Like an excited tourist, Carcelle grinned as he chattered on about his recent trip to Las Vegas, telling Binkley he was eager to open as many stores there as possible.
Binkley’s just-published book, “Winner Takes All: Steve Wynn, Kirk Kerkorian, Gary Loveman and the Race to Own Las Vegas,” is yet another sign that the gaming business — now so much more than slot machines and table games — has arrived.
The book chronicles three megadeals that consolidated influence among a handful of key executives and made them very rich men.
MGM Grand’s buyout of Mirage Resorts in 2000, MGM Mirage’s takeover of Mandalay Resort Group in 2005 and Harrah’s Entertainment’s acquisition of Caesars Entertainment a few months later created two corporate giants, MGM Mirage and Harrah’s, with control over a uniquely powerful economic engine.
These deals and the men behind them grabbed headlines around the world, which is paying closer attention to this relatively small but impressive corner of the globe.
Unlike other books published in recent years about the gambling business, this one doesn’t focus on the industry’s social ills or its shady, rough-and-tumble past.
This is a book about wheeling and dealing in Las Vegas’ modern corporate era. It’s about the exertion of competition, supercharged capitalism, inflated egos and frayed nerves.
Binkley is keenly aware that Las Vegas, for all its billions, doesn’t get the respect it deserves as a business subject.
“It’s taken the rest of the world a very long time to catch up to where Las Vegas is, businesswise,” she said.
It has pop culture fame in spades and at least one famous icon in Steve Wynn.
Yet the old stereotypes about Las Vegas persist.
Binkley was “astounded” to field initial questions from her New York publisher about “whether the mob was still skimming money from casinos on the Strip.” Many people also are unaware that most of the money made on the Strip comes from nongambling sources, such as shopping and dining.
She began working on the book in 2005 after covering the business for eight years — the year of the dual Strip mergers and the opening of Wynn Las Vegas, then the most expensive resort in history. Although Kerkorian, Wynn and even Sheldon Adelson cast big shadows over the Strip, it is Harrah’s Entertainment’s chief executive, Loveman — still a favorite among reporters for his outsider status as a maverick academic — who may end up having a bigger effect than anticipated.
Loveman enters the book in the third act, after the Caesars acquisition.
“The question still today for Harrah’s is, do they implement the things that worked for them so well at their riverboat properties — these shoddy properties they made efficient and productive?” Binkley said.
“Even more interesting to me is that people on the Strip never spent much time figuring out what Harrah’s was doing. The other companies had this notion that you build a big astounding property and people would come. Loveman’s approach was market it carefully and they will come.”
With substantial detail about the scientific methods Harrah’s used to create its Pavlovian-like Total Rewards program, the book is further evidence of just how far ahead Harrah’s is relative to the competition.
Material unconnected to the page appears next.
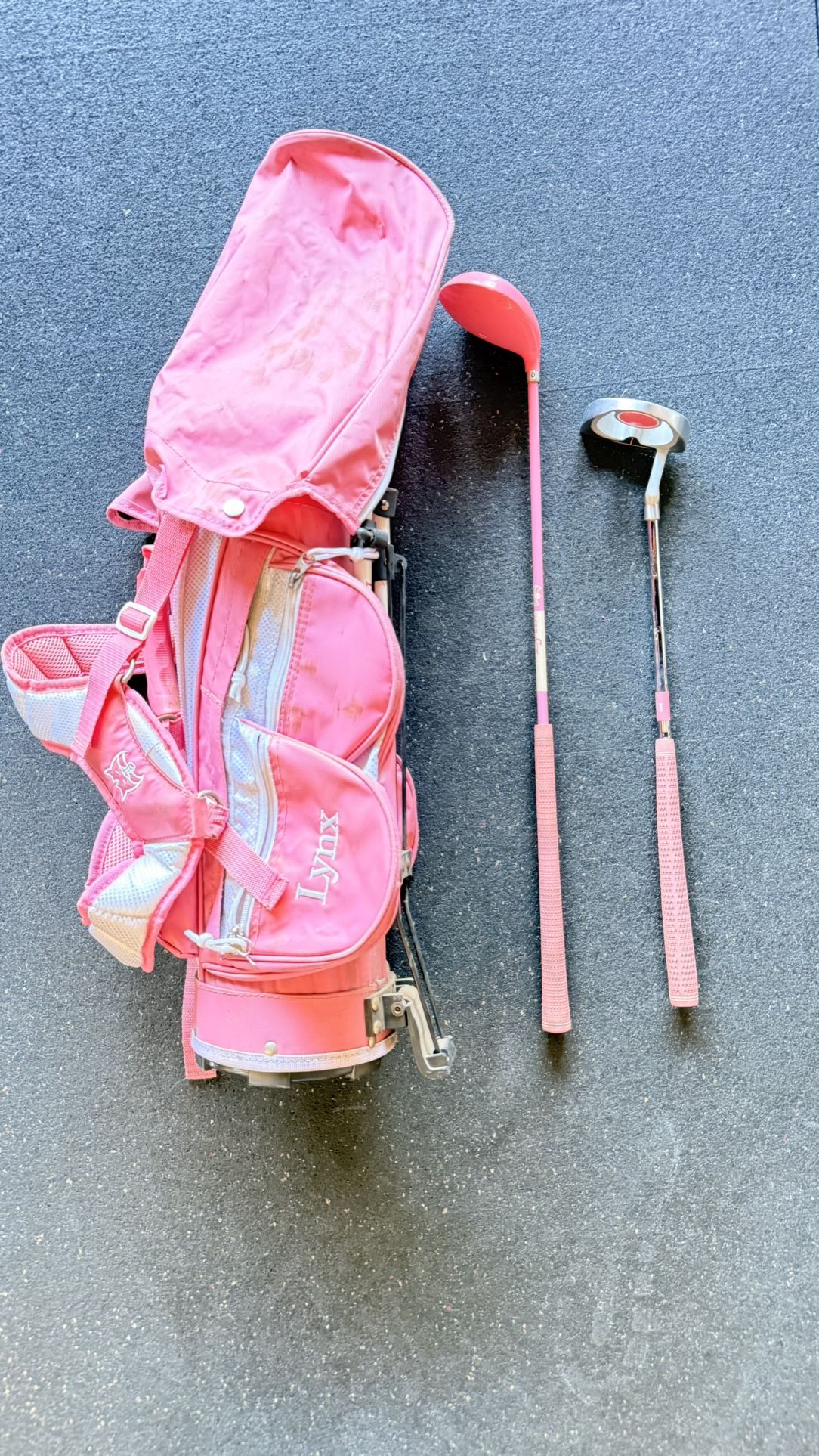 Kids Lynx Girls Golf Club Set W/ Bag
“If he can get the architectural stuff down he’s got so much cerebral power about how to market to low rollers in their homes,” Binkley said. “I think he’s the one to really watch in the future.”
Besides the insider peek at Harrah’s, one of the most intriguing aspects of the book is the portrait of former Harrah’s executive Rich Mirman, who turns out to be more interesting than your typical swashbuckling casino boss.
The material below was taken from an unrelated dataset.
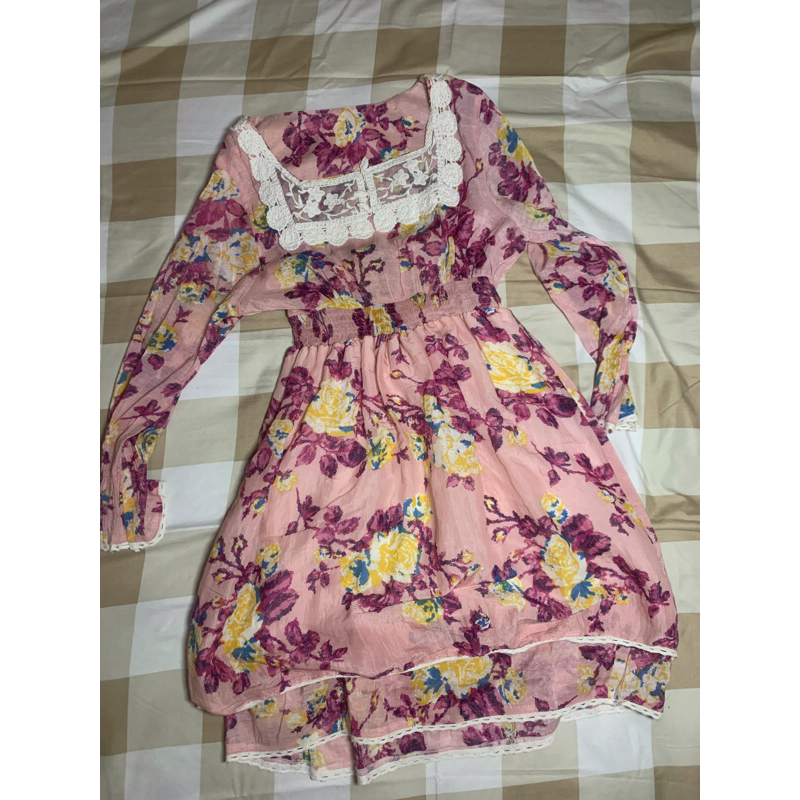 preloved dress pink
Mirman emerges as a thoughtful, intellectual man who is truly conflicted about his job enticing people to gamble. He later distances himself from these marketing experiments and becomes the company’s development ambassador abroad, then leaves Harrah’s before the company is taken private.
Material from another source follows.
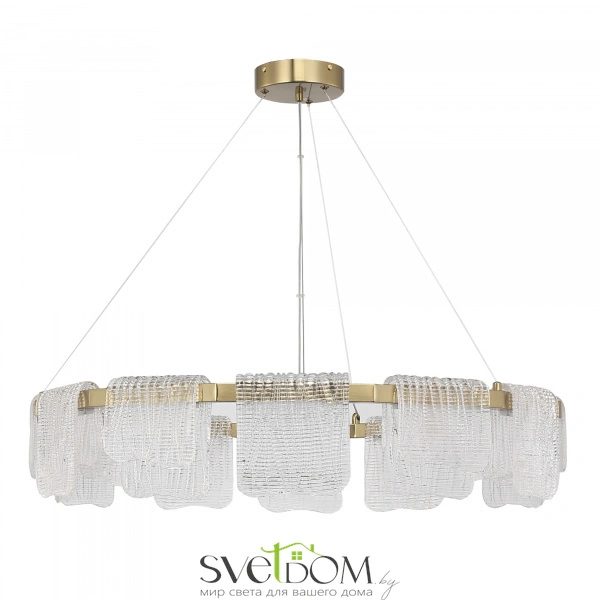 SL6021.203.66 Светильник подвесной ST-Luce золотистый/прозрачный LED 1*66W 4000K VOILE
In a realm of larger-than-life icons, this multidimensional profile of a real human being is as rare as the discovery of a new species.
Executives “may tell you about their divorce or sad childhood but they don’t want to talk about how conflicted they are,” Binkley said.
The final chapter of the book calls Las Vegas “a place that tries so hard yet can’t respect itself, like the class slut.”
Binkley reiterates that many of these casino titans maintain homes in other states and often fly out of town to reconnect with family and friends.
But there’s an even bigger revelation: Giant, mainstream companies such as Disney have passed on opportunities to buy into the gaming industry’s incredible riches, leaving this wealth concentrated in the hands of a few Las Vegas executives.
Although the taboo of gambling has dissipated over the years, there lingers an attitude that this is a crass business best left to tanned men in flashy suits and too-white smiles.
Binkley now writes a weekly style column for The Wall Street Journal — a job that came unexpectedly after someone suggested she write a story about driving a Ferrari.
Writing about fashion and pop culture was a welcome change for Binkley, who realized she had been at the gaming beat too long after a few boring interviews with industry newcomers who knew less about the business than she did.
“I’m a journalist, not a casino executive,” she said. “I’m supposed to be exploring and learning, so I knew it was time to try something new and different.”